Requirement: Only the lines from the one containing "this 1270×952 image." through the last line of the entries are wanted. Transcribe them exactly.

Source material:
--------------------------------

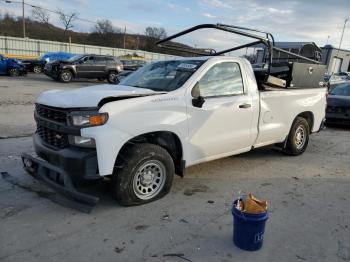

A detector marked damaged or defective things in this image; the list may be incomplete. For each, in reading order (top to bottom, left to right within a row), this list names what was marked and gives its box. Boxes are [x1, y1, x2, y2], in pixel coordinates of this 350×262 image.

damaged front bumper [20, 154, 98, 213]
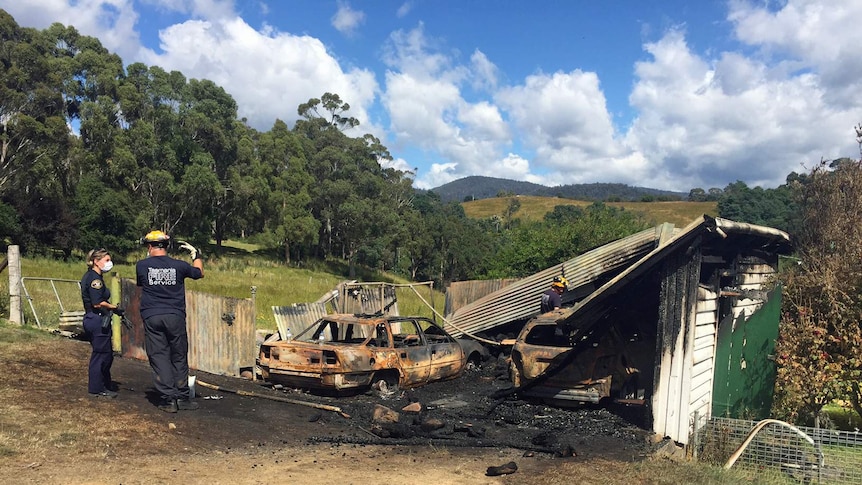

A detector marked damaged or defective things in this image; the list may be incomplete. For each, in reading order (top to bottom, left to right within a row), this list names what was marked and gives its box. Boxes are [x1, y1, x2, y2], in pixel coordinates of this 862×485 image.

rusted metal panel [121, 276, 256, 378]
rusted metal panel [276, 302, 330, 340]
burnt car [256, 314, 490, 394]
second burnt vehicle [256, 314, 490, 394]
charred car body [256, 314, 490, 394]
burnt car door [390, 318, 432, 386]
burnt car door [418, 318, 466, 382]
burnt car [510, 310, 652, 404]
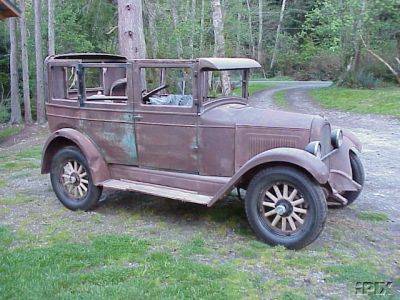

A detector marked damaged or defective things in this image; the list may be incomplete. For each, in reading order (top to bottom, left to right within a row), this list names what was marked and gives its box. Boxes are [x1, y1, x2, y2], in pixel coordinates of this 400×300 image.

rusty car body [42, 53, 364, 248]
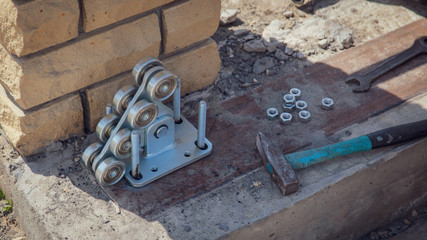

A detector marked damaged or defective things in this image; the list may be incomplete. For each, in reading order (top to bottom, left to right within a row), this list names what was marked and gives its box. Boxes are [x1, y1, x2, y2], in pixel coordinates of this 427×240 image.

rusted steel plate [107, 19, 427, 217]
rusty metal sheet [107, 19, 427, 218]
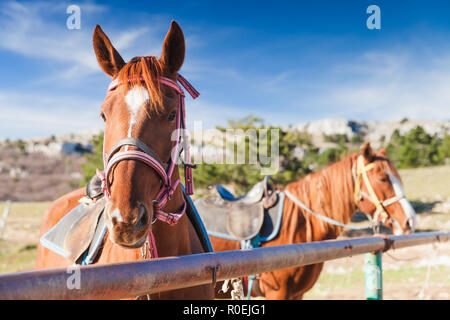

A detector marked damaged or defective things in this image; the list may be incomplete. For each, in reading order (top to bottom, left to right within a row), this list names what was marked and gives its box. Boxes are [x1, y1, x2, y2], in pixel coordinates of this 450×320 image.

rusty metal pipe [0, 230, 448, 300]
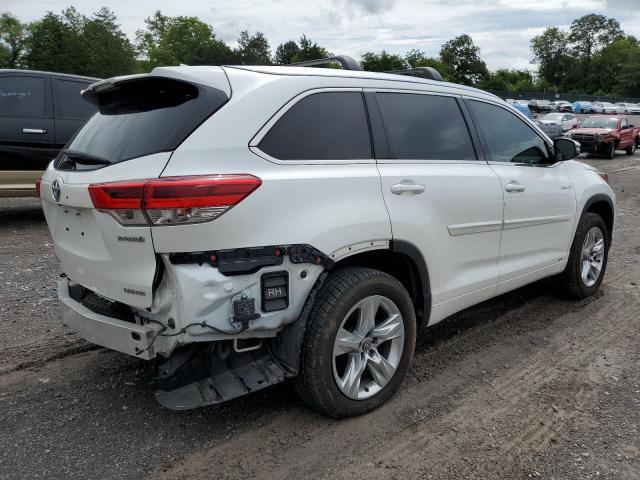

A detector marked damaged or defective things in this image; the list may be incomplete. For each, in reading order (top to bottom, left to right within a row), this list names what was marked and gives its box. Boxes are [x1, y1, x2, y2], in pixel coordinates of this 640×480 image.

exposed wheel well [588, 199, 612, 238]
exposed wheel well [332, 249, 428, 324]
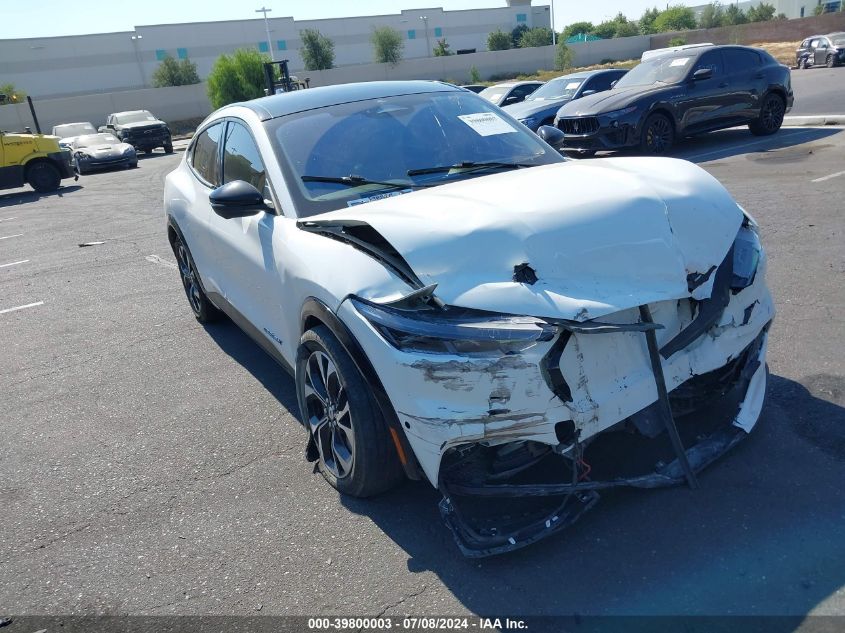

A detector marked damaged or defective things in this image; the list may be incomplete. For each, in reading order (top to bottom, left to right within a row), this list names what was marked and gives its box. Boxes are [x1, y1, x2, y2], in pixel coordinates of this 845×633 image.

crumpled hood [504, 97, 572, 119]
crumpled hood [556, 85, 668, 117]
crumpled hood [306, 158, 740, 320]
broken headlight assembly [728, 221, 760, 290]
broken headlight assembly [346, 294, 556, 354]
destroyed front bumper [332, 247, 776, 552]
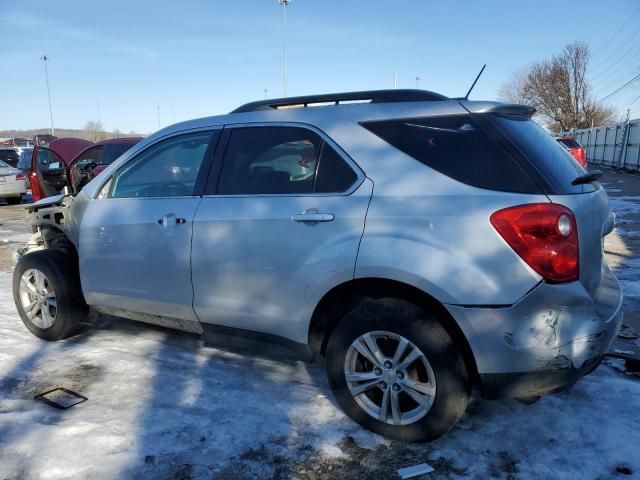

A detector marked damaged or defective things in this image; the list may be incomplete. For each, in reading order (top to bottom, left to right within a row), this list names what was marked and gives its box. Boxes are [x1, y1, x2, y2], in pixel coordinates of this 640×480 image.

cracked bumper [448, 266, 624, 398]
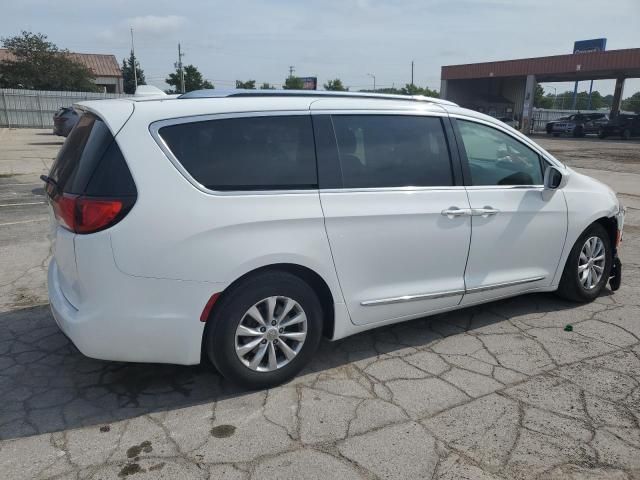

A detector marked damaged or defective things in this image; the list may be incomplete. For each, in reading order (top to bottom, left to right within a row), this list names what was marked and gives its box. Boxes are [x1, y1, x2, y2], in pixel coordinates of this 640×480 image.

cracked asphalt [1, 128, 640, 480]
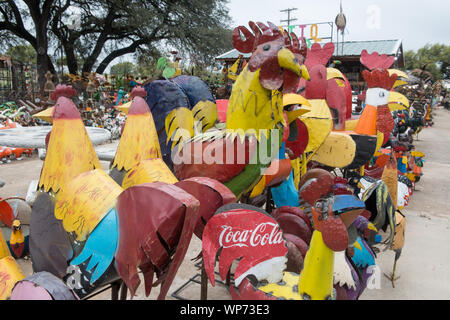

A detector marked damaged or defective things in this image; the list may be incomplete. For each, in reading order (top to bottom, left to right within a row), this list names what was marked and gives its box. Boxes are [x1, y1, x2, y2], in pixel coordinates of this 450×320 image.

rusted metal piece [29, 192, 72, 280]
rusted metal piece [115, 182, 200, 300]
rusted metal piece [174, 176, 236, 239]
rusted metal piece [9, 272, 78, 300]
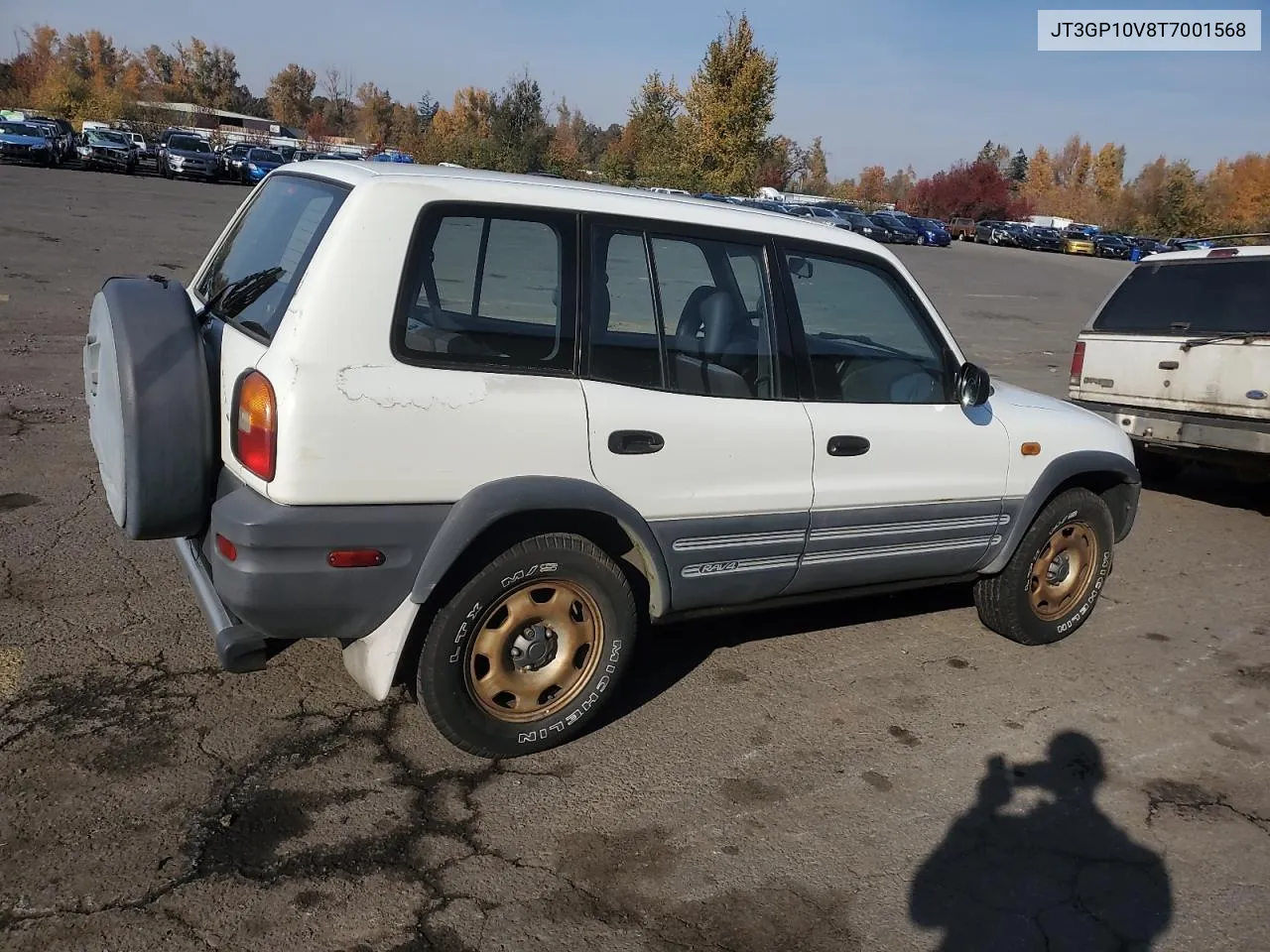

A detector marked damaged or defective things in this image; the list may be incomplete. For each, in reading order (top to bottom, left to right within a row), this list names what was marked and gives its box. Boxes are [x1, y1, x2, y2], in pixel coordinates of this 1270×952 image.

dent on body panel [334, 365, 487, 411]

--------------------------------

Reply:
A detector marked damaged or defective things in this image; the list may be incomplete. For each, in reading order (top to bottom, left to right within a row), this list names what was marked and gives its box. Boxes are [x1, y1, x2, y2], in pixel coordinates of this 1270×952 image.

dent on body panel [334, 365, 487, 411]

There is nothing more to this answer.